Depuis deux jours, la blogosphère progresseuse faisait retentir les cuivres de la solidarité avec ces martyrs de la liberté durable et de la conscience citoyenne que sont les journalistes de Libération ; on n'a pas entendu de « nous sommes tous des Demorand allemands ! », ni de « Ich bin ein Serge July ! », mais l'esprit était celui-là. Et on bouillonnait d'impatience dans l'espoir d'une arrestation rapide du flingueur de-type-européen-et-à-cheveux-courts, donc probablement d'extrême droite identitaire, anti-mariage guignol et planquant un bonnet rouge dans sa poche ; on en salivait d'avance.

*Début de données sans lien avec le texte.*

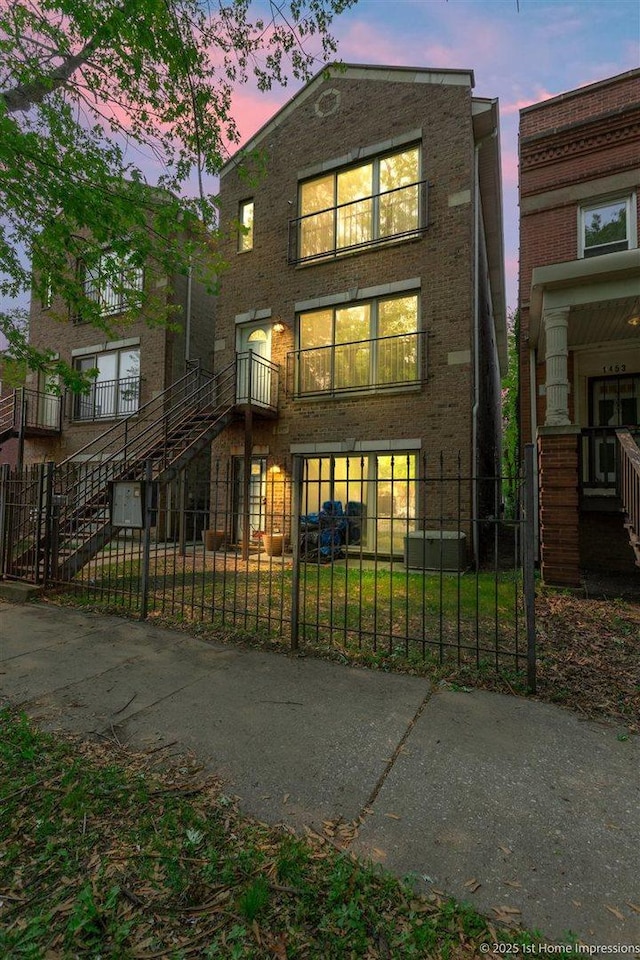1457 E 71st Pl Unit 3, Chicago, IL 60619 - view of front facade featuring stairs, a fenced front yard, brick siding, and a balcony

Ce matin, le ministre de l'Intérieur a eu des accents à la Carnot pour féliciter ses troupes, dont l'exploit a consisté, rappelons-le, à cueillir un type qui dormait dans sa voiture, après qu'une bonne âme leur eut gentiment indiqué l'endroit où ils pourraient le trouver – ce qui est en effet un exploit digne de figurer sur les tablettes de la République. On ouvre la portière, toutes armes pointées, et, là, catastrophe : Abdelhakim Dehkar, musulman dûment estampillé d'extrême gauche – fin du beau rêve.

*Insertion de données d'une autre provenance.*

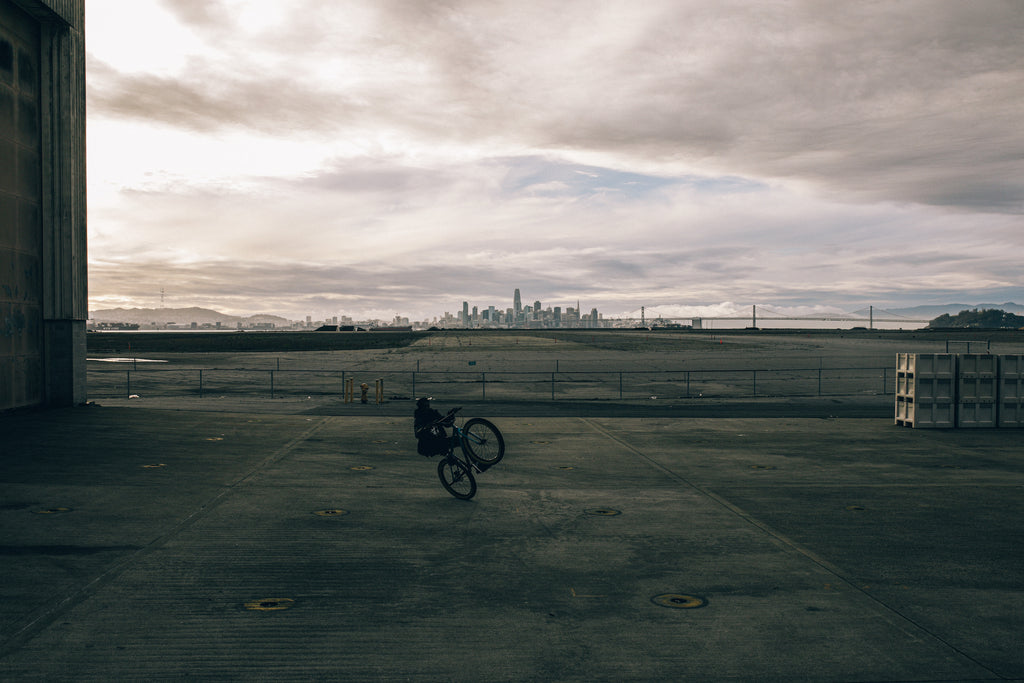 ride on bike on concrete, with the skyline of SF in the background, overcast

Depuis, c'est un merveilleux silence d'automne qui circule entre les rangs des solidaires tous terrains. Je m'attendais tout de même à quelques admonestations timides, de murmurantes injonctions à ne rien amalgamer, comme c'est la règle dans ce genre de cas ; mais non, même pas : le silence, le renoncement, la lassitude, les épaules qui s'affaissent. Les plus découragés en sont arrivés à parler de football, c'est dire le degré de fatigue de nos sauveurs de démocratie.

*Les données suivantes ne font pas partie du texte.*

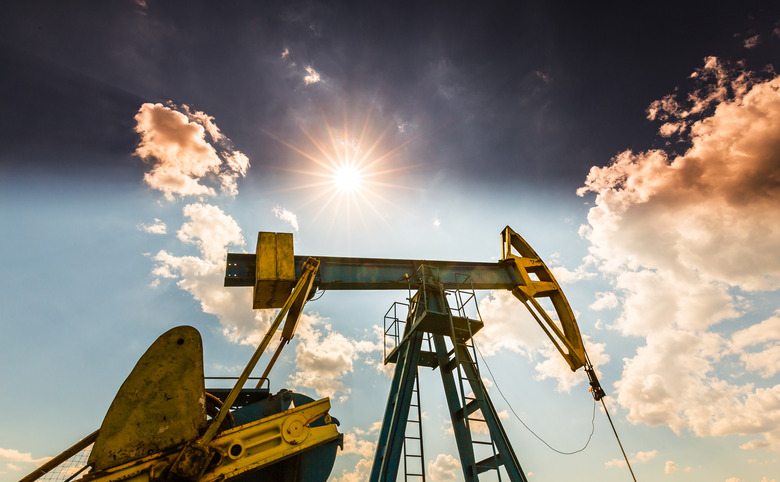 Oil field with pump jack, profiled on blue sky with white clouds, on a sunny day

On aurait presque l'impression qu'ils ont oublié qu'un type a tout de même pris une balle, parce qu'il a eu la malchance de traverser au mauvais moment le hall d'un journal ridicule et indigne. Peut-être pensent-ils (oui, déjà à ce stade la phrase est amusante), peut-être pensent-ils qu'une bastos révolutionnaire fait moins mal que sa sœur nauséabonde ? Qu'elle évite gentiment de toucher les organes vitaux par amour de l'humanité écrasée ? Allez savoir : le grand silence des lendemains de traque autorise toutes les suppositions.